(Collected data)
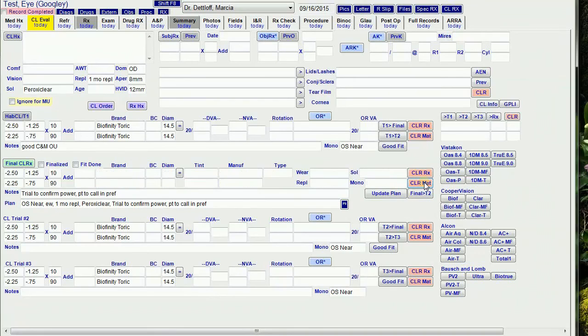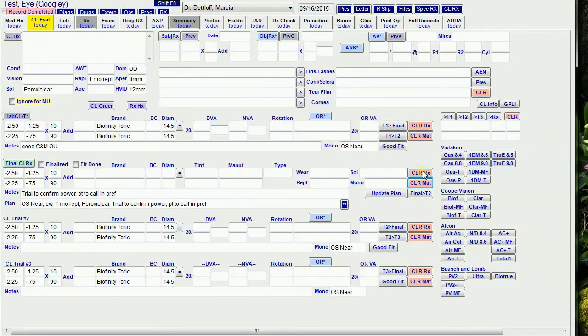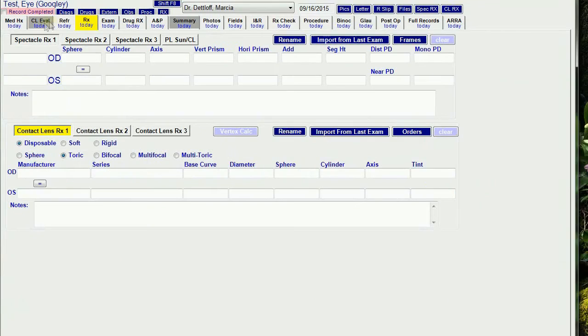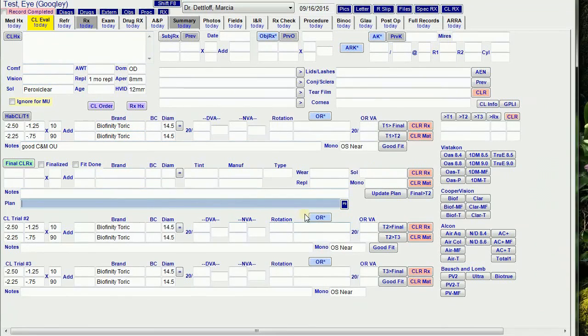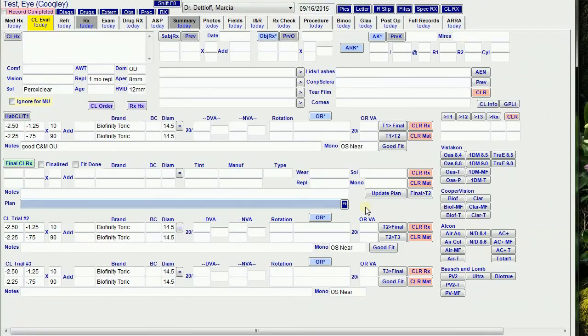The clear material button clears everything from the brand to the right, and the clear RX button clears everything. I also clear the Contact Lens RX from the RX tab and uncheck the finalize and Fit Done buttons since the change to the finalized RX would mean that the info in the RX tab would be wrong.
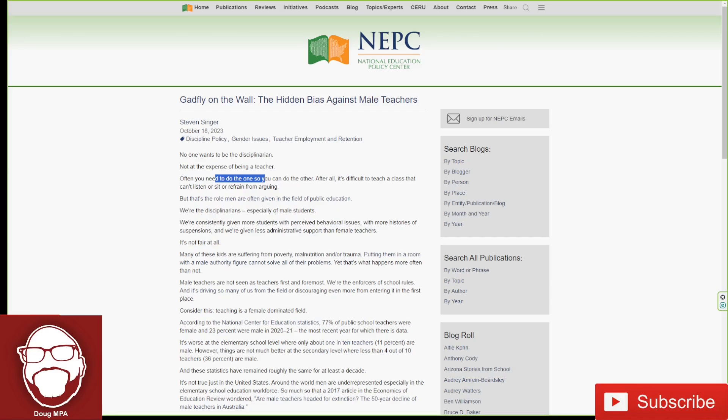There it is. Men are perceived as mentally stronger disciplinarians who can lay down the law. So a lot of female teachers and administrators dump the troubled kids off on the men. And only 23% of teachers are men. So these men will have 20, 30 student classrooms with the most problematic children in the school or in the district.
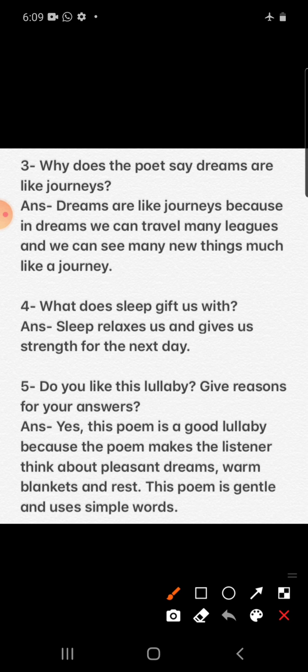Question number three: why does the poet say dreams are like journeys? Dreams are like journeys because in dreams we can travel many leagues and see many new things, much like a journey. Question number four: what does sleep gift us with? Sleep relaxes us and gives us strength for the next day. Question number five: do you like this lullaby? Give reasons for your answer. Yes, this poem is a good lullaby because it makes the listener think about pleasant dreams, a warm blanket, and rest. This poem is gentle and uses simple words.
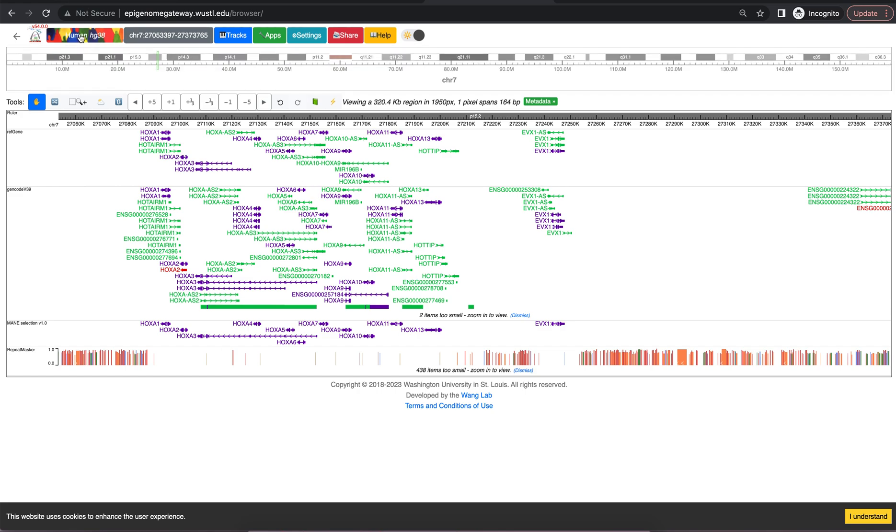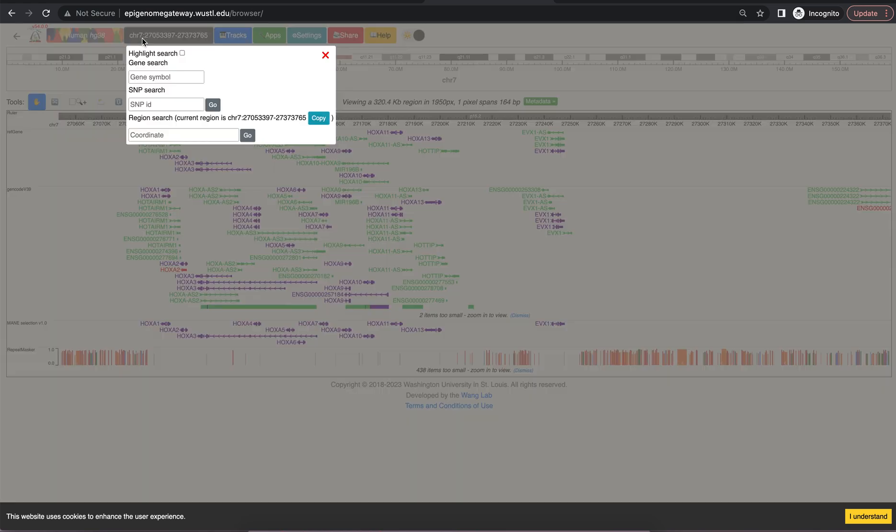You can see the species and the reference assembly in the top left corner. Beside that is a way to navigate using a gene, a SNP, or a region.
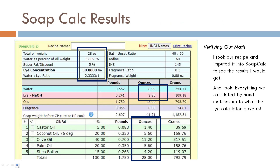Just for fun, I plugged this into SoapCalc to check my math. Our total weight of oils is 28 ounces, lye concentration is 30%, super fat is 5% — all the guidelines I gave you. Look: water shows 8.99 — basically the exact same thing we found. Our lye is 3.85 — same as what we found. Our oil weights match up with our math. We did it right! It's so exciting when it turns out right.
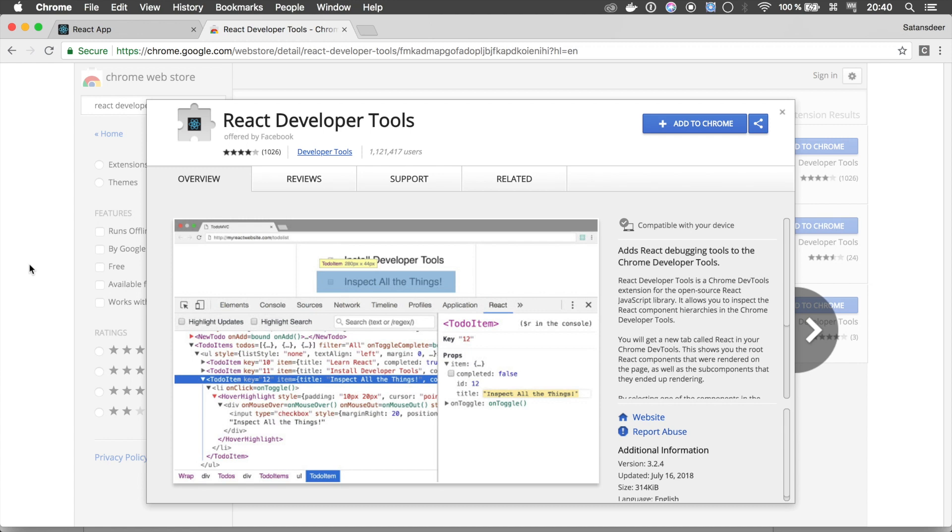It is crucial to know how to debug React applications. First step: follow the link in the description and install Chrome React Developer Tools extension.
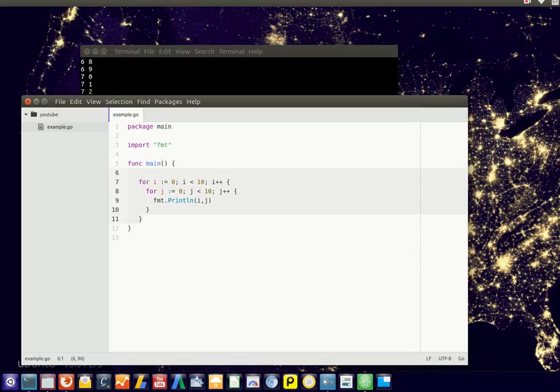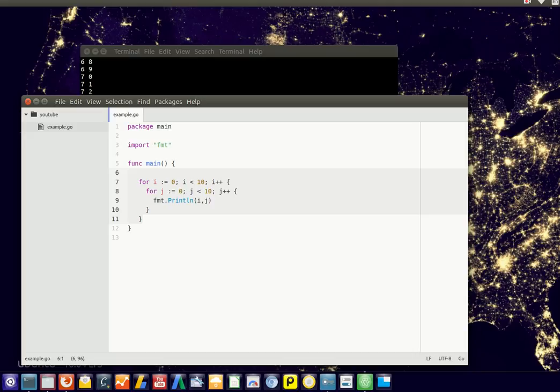So usually you don't want to have a lot of for loops inside for loops, because it quickly gets very confusing, right? If you have 10 for loops, you totally lose track of what's going on. So you want to have one or two for loops at maximum.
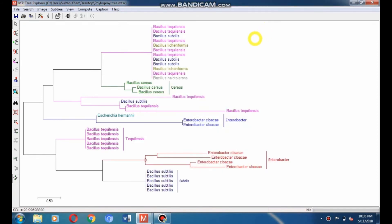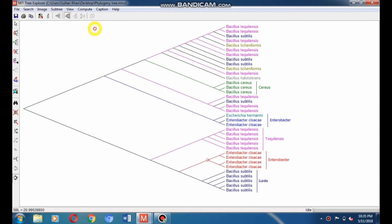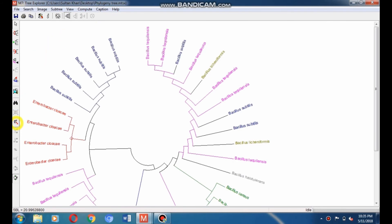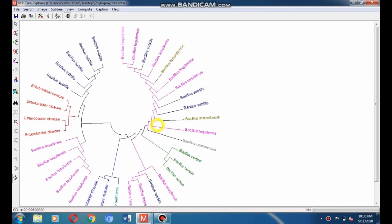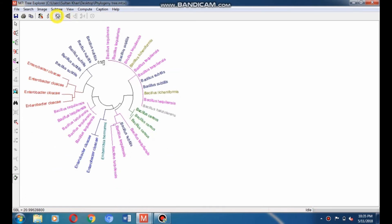Now a colorful phylogeny tree is developed. Go to Display Only Topology and change the tree style. Go to Tree Style and select straight tree. Select Circle to make a circular tree. You can resize the phylogeny tree by single-clicking on the resize tool and using left-click. You can also make the circular tree in compressed form. Click on Display Only Topology to make your circular phylogeny tree compressed. You can see the bootstrap value in the middle of the circular tree.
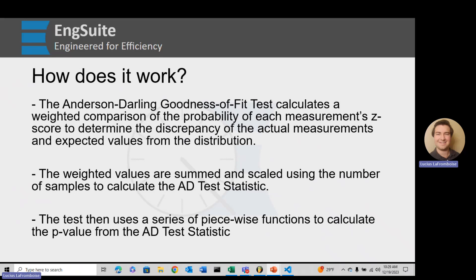By weighted, we mean that different z-scores in different locations get a higher priority when calculating the Anderson-Darling test statistic. It's usually the first normality test because it puts a higher weight on the tails, which means that if you have heavier tails, it's going to affect whether you pass and can assume normality or not — making it a bit more selective than other tests.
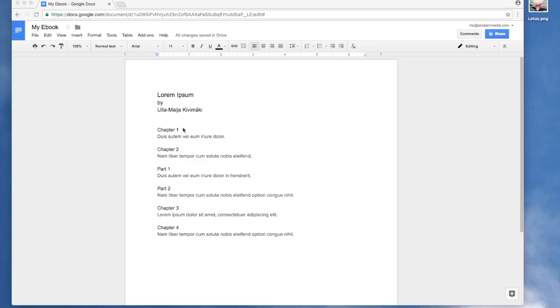I have written here the title of my book and my name, and here I have written chapter 1, chapter 2 which has two parts, subsections part 1 and part 2, and here are chapter 3 and 4.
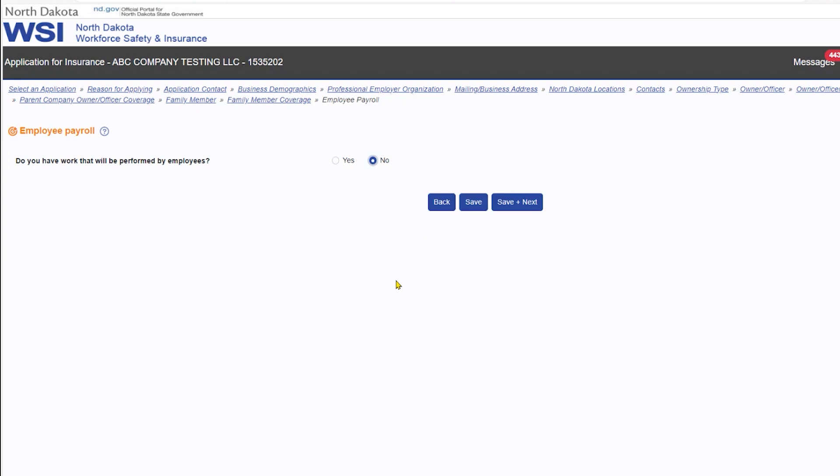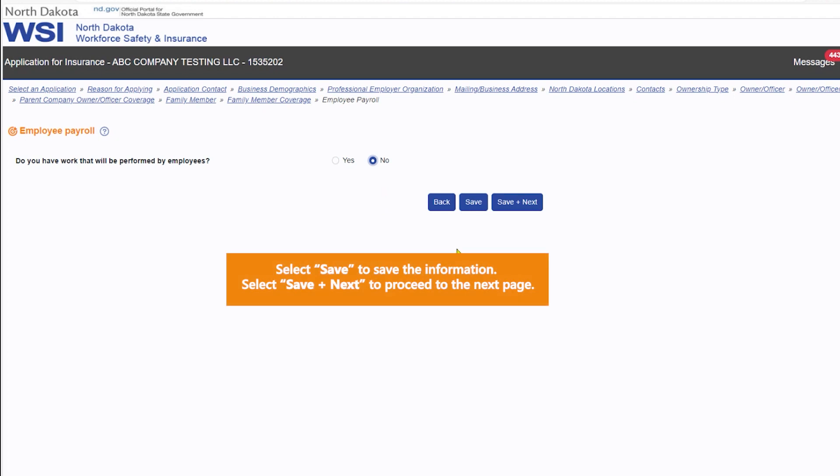When you have finished entering employee payroll information, select save to save the information, or select save and next to save and move on to the next page.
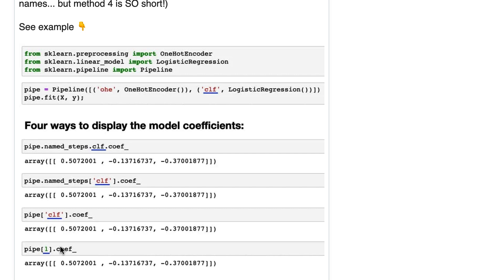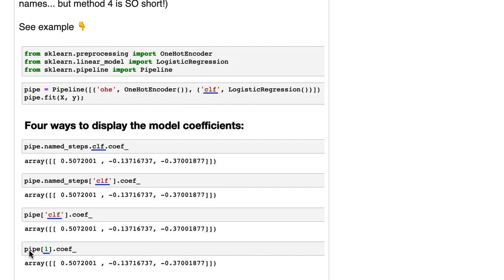Now I did get one LinkedIn comment that I thought was useful on this particular tip. It mentioned that you could just say pipe negative one and then that will give me the last step regardless of the length of the pipeline which is super useful if your pipeline ends in a model. You know that always to get to the model you can just do pipe bracket negative one.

— About this exercise —
Nothing outside the stretch above, from the line with "It is crucial" through the line with "Now a colorful", is set down. Transcribe that stretch exactly, ends included, but not its pictures.

— Response to the exercise —
It is crucial to know how to debug React applications. First step: follow the link in the description and install Chrome React Developer Tools extension.
So usually you don't want to have a lot of for loops inside for loops, because it quickly gets very confusing, right? If you have 10 for loops, you totally lose track of what's going on. So you want to have one or two for loops at maximum.
Now a colorful phylogeny tree is developed. Go to Display Only Topology and change the tree style. Go to Tree Style and select straight tree. Select Circle to make a circular tree. You can resize the phylogeny tree by single-clicking on the resize tool and using left-click. You can also make the circular tree in compressed form. Click on Display Only Topology to make your circular phylogeny tree compressed. You can see the bootstrap value in the middle of the circular tree.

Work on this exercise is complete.